Pero la verdad que devuelven los planos de Verano 1993 no es solo cosa de Frida, su protagonista. El casting completo, mezcla de profesionalidad y talento salvaje, en tono con una dirección de actores intuitiva y brillante, conquista gesto a gesto la empatía del espectador. Pocas veces he comprendido tan bien las razones y la sinrazón de cada personaje de un reparto, sus decisiones y sus dudas, toda huida, todo enojo, toda lágrima.

La otra gran baza de esta emocionante historia familiar es un guion que mide con una maestría asombrosa la potencia del subtexto, la información que se muestra y la que se sugiere o se sobreentiende. Y una capacidad asimismo admirable para vehicular la historia desde la edad de la protagonista, para sumar sus percepciones a nuestra inevitable observación adulta, materializándolo incluso con la posición de la cámara, cuando en muchas escenas (pienso por ejemplo en la de la carnicería) se mantiene a la altura de los ojos de la niña y el universo de los adultos transcurre en un ajeno pero consciente fuera de campo visual y sonoro.

Todo sirve al objetivo de acompañar a Frida-Laia en su descubrimiento paulatino, golpe a golpe, de aquello que cantaba Gil de Biedma en uno de sus poemas más recordados: “que la vida iba en serio”.

Y, para terminar, me parece imprescindible dejar aquí una reflexión paralela, aunque exceda al objeto mismo de esta crítica. Verano 1993, cuyo guion se desarrolló por cierto en un laboratorio tutelado por los sevillanos Alberto Rodríguez y Rafael Cobos, ganó el Premio a la Mejor Ópera Prima en la Berlinale y la Biznaga de Oro en el Festival de Málaga. Para mí, es una de las mejores películas españolas de los últimos años (y no es solo una opinión mía, también es algo que comparte, por ejemplo, Lino Escalera en esta entrevista que pude hacerle hace unas semanas).
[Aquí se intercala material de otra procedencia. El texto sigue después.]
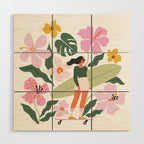 Surfing in garden Wood Wall Art Gallery Image 1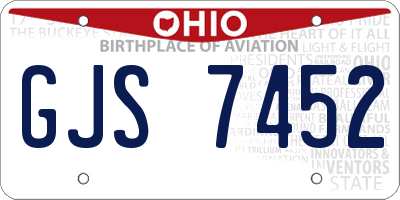 OH license plate GJS7452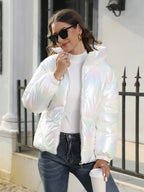 New Fashionable Shiny Cotton Hooded Bread Jacket Warm Cotton Jacket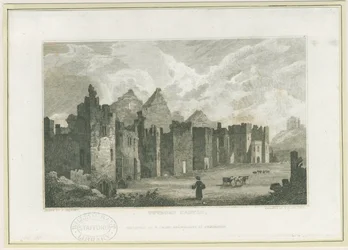 Tutbury Kasteel - Kasteelhof (gravure)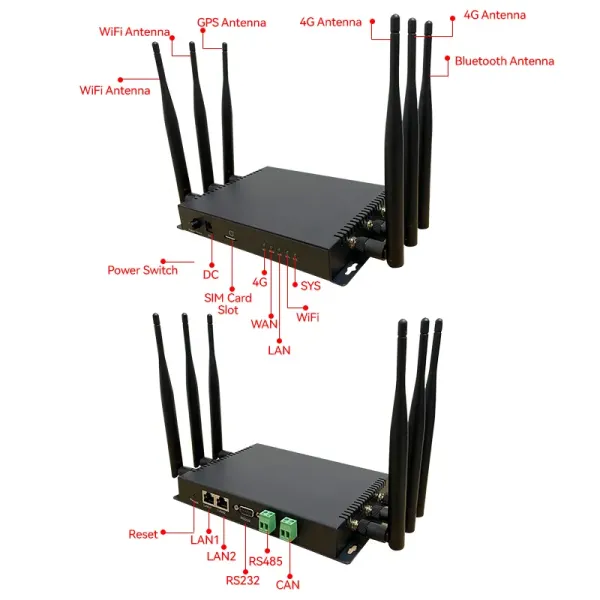 IoT WiFi Router with RS232, RS485, Can Module, Bluetooth Vehicle WiFi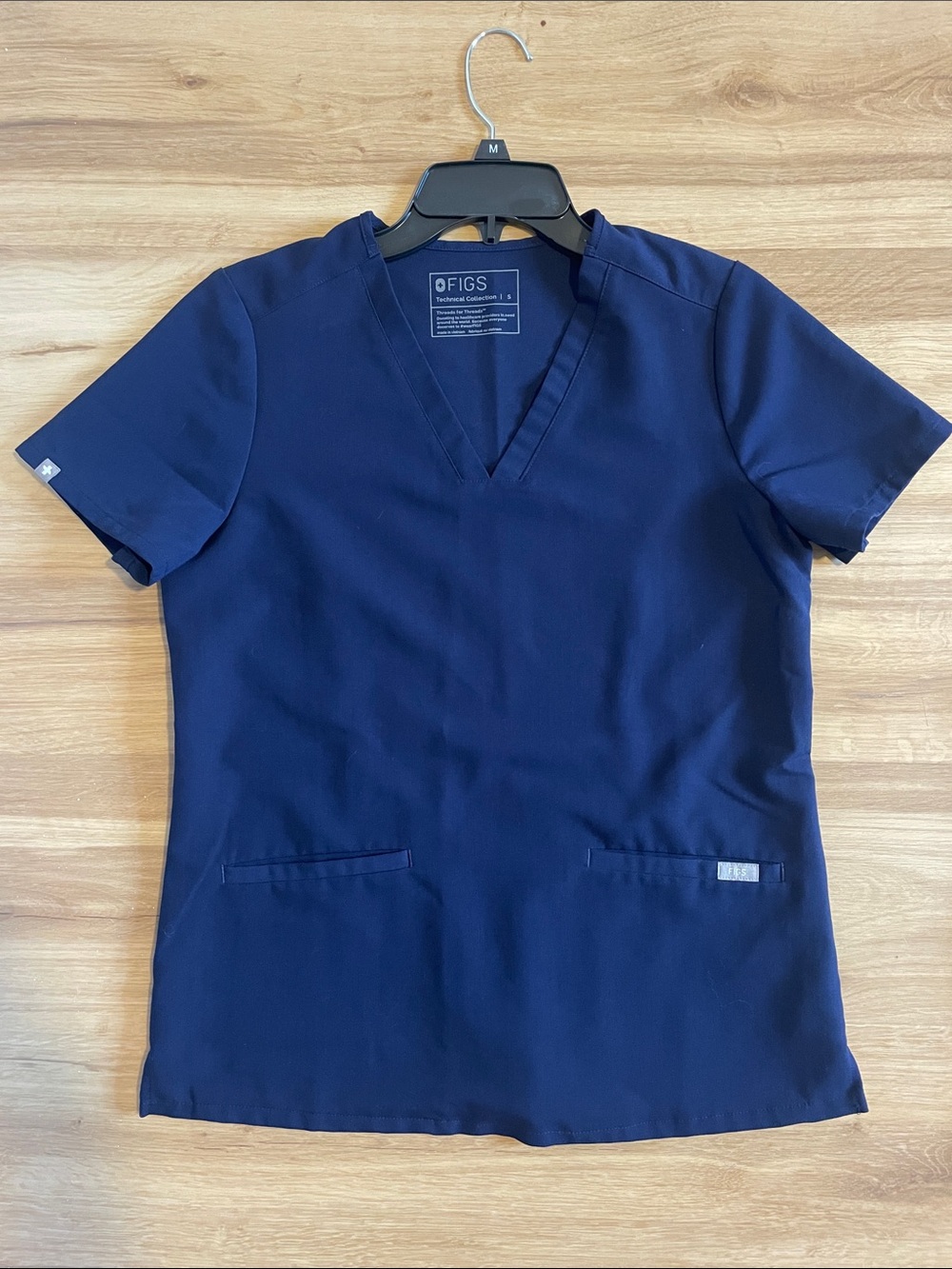 Women’s Figs Navy V-Neck Medical Scrub Top -  Navy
A pesar de haberse estrenado en pleno verano, con algo más de relax en la competencia, su capacidad para aguantar en la cartelera va a ser, sin embargo, muy reducida. No tiene detrás el altavoz de un gran grupo mediático y sale solo con dos copias en Madrid y tres en toda Andalucía: una en Sevilla capital, otra en Málaga y otra en Granada. Y sin duda juega asimismo en su contra el hecho de estar rodada en catalán. A los espectadores españoles nos han educado para rechazar el subtitulado, pero es además muy triste que aceptemos con toda normalidad diálogos en perfecto castellano de Burgos para un actor nacido en Wisconsin pero le pongamos pegas al doblaje de uno nacido en Gerona.

Por todo eso, si van a ver Verano 1993 y les gusta, cuéntenlo. Es la única manera de que pequeñas maravillas como esta, que hacen mejor el mundo, consigan llegar a más público.